| HN Mirror

Y	Hacker News new \| ask \| show \| jobs


	by amelius 1720 days ago
	> freqfs automatically caches the most frequently-used files and backs up the others to disk. This allows the developer to create and update large collections of data purely in-memory without explicitly sync’ing to disk, while still retaining the flexibility to run on a host with extremely limited memory. Why not let the OS take care of this?

4 comments

haydnv 1720 days ago

One advantage is consistency across host platforms, but the main advantage is that the file data can be accessed (and mutated) in memory in a deserialized format. If you let the OS take care of it, you would still have the overhead of serializing & deserializing a file every time it's accessed.

dfranke 1720 days ago

That's what mmap is for.

haydnv 1720 days ago

It might be possible to replace freqfs with mmap on a POSIX OS, but a) you would still have to implement your own read-write lock, and b) you would (I think probably?) lose some consistency in behavior across different host operating systems.

vlovich123 1720 days ago

Which OSes does this run on that doesn’t have some kind of mmap operation?

haydnv 1720 days ago

It should work on Windows (because tokio::fs works on Windows) although I have not personally tested this

julian37 1720 days ago

You can do mmap on Windows, eg. https://github.com/danburkert/memmap-rs

gpderetta 1720 days ago

mmaps for read, explicit API for writing, a-la LMDB. Buggy readers can read inconsistent data but cannot corrupt the os.

otterley 1720 days ago

Corrupt the OS? How might that happen?

gpderetta 1720 days ago

Sorry, I meant the DB!

alexruf 1720 days ago

Personally I don’t see a scenario for myself, but I can imagine that there are some where this might be useful. But isn’t there a extremely high risk of data loss an inconsistency when adding an extra layer on top of OS file system handling?

ericbarrett 1720 days ago

Freqfs seems like a shim you'd add to an existing project for a quick optimization. Whereas mmap et al. are "better" the same way any specific, built-to-purpose code will be "better" than just bolting a framework on. Sometimes it's the right call to do the extra work; sometimes it's 100% more effort (both development and maintenance) for an extra 10% gain.

haydnv 1720 days ago

If there is any concurrent access to cached files not through freqfs, there is a risk of inconsistency and crashes.

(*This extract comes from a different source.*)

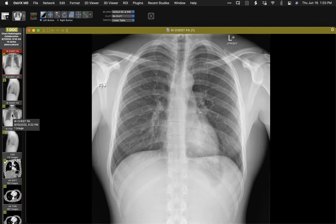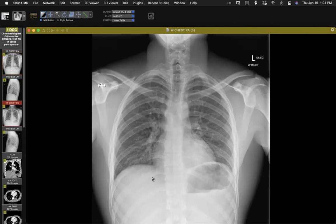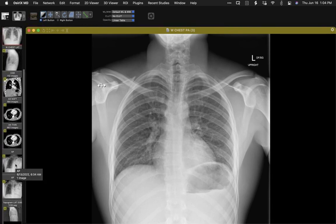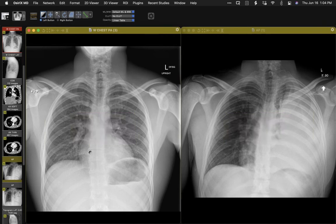Going forward to June 10th, inflation of the lungs is less, and it's really hard to determine whether it has changed or what might be going on there. The time interval between these two images is three days, and we have a substantial accumulation of left pleural fluid in that period. That's the dominant finding.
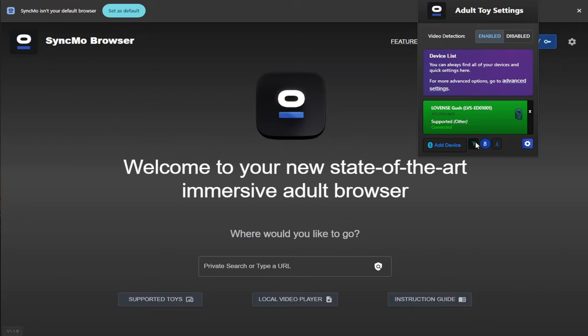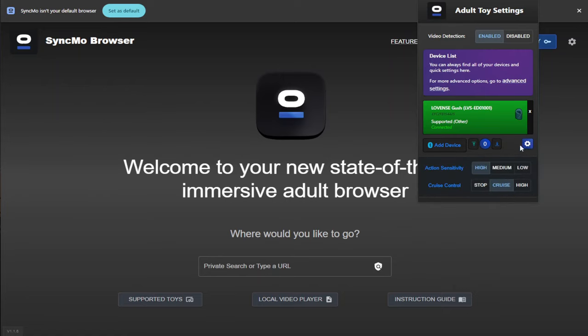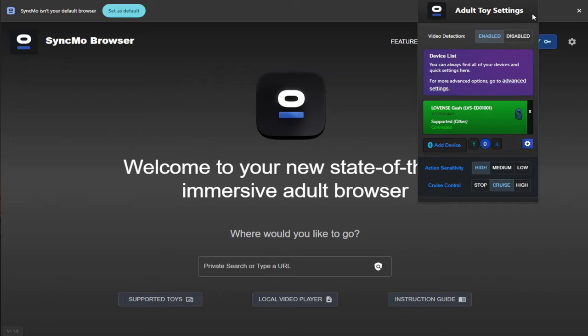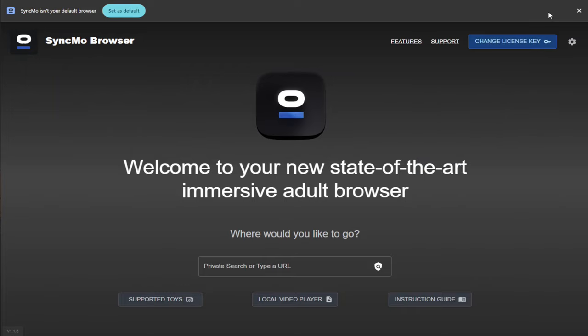If you click on the gear icon in the bottom right of that menu, it will also bring up some settings. In here, you can adjust the sensitivity and you can adjust the cruise control, meaning that you don't have to leave a video to adjust any settings that you may want to change. With our toy connected, I'm now going to show you the AI feature working with a normal website.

BiteCode_dev 1720 days ago

You can pick and chose.

Maybe your caching strat of you OS isn't best for your use case. Also, you may use a network file system, or several types of FS, and want your cache warm up to be tuned up and consistent.

the8472 1720 days ago

> Maybe your caching strat of you OS isn't best for your use case.

On the other hand the OS does know about memory pressure from IO and from heap memory for the whole system. This crate will only know about cache pressure within a single process.

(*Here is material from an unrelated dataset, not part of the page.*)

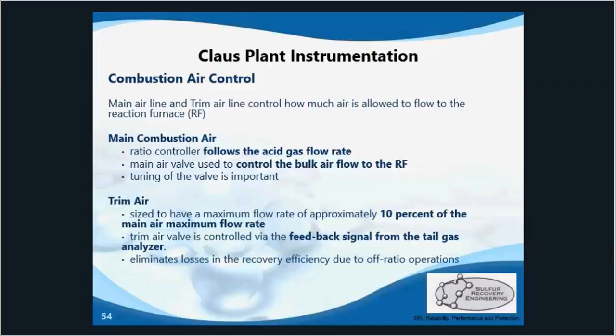That trim air is sized so that its maximum flow rate is 10% of the maximum main air flow rate. So it's just a little fine tuning — 10% is all it's doing.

> Also, you may use a network file system

Which can also be set to do aggressive caching, at the expense of consistency.

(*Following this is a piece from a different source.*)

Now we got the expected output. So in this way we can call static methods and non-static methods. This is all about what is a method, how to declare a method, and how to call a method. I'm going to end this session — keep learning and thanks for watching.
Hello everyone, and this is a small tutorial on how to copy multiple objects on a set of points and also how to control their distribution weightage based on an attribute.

> and want your cache warm up to be tuned up and consistent.

the description doesn't say that it's doing cache warmup any more eagerly as regular reads would

kbenson 1720 days ago

The benefit of bringing something in process is as always more control, and usually at the expense of having to make decisions with less data about the rest of the system than an OS level service would have.

Sometimes you need very explicit control over when things are read from cache and when they aren't. This can be hard with network file systems. Especially when you have two different use cases on the same filesystem, which isn't that odd, even within a single application.

shakna 1720 days ago

Presumably for a similar usecase as SQLite [0]. Performance. You can beat the OS, and by a noticeable margin, by doing things in memory and avoiding the I/O bottleneck.

[0] https://www.sqlite.org/fasterthanfs.html

cornstalks 1720 days ago

I think GP's point is that the OS usually has a file system cache in RAM.

topspin 1720 days ago

I think the P's point, supported by evidence, is that the OS cache is not optimal for all use cases.

edoceo 1720 days ago

No cache is optimal for all use cases. That's an impossible goal.

topspin 1720 days ago

Thus why things like Freqfs exist and we don't always "let the OS take care of this."

edoceo 1720 days ago

Yea friend, we're in violent agreement :)

fsckboy 1720 days ago

the actual question is whether the person making the choice is up to the task of measuring/proving that their manual caching is optimal for their use case. A lot of the time the answer is simply "no". For example, the people who say "just buy enough RAM and turn virtual memory off" for the most part do not understand the implications of what they are talking about.

jdeaton 1720 days ago

My thought exactly.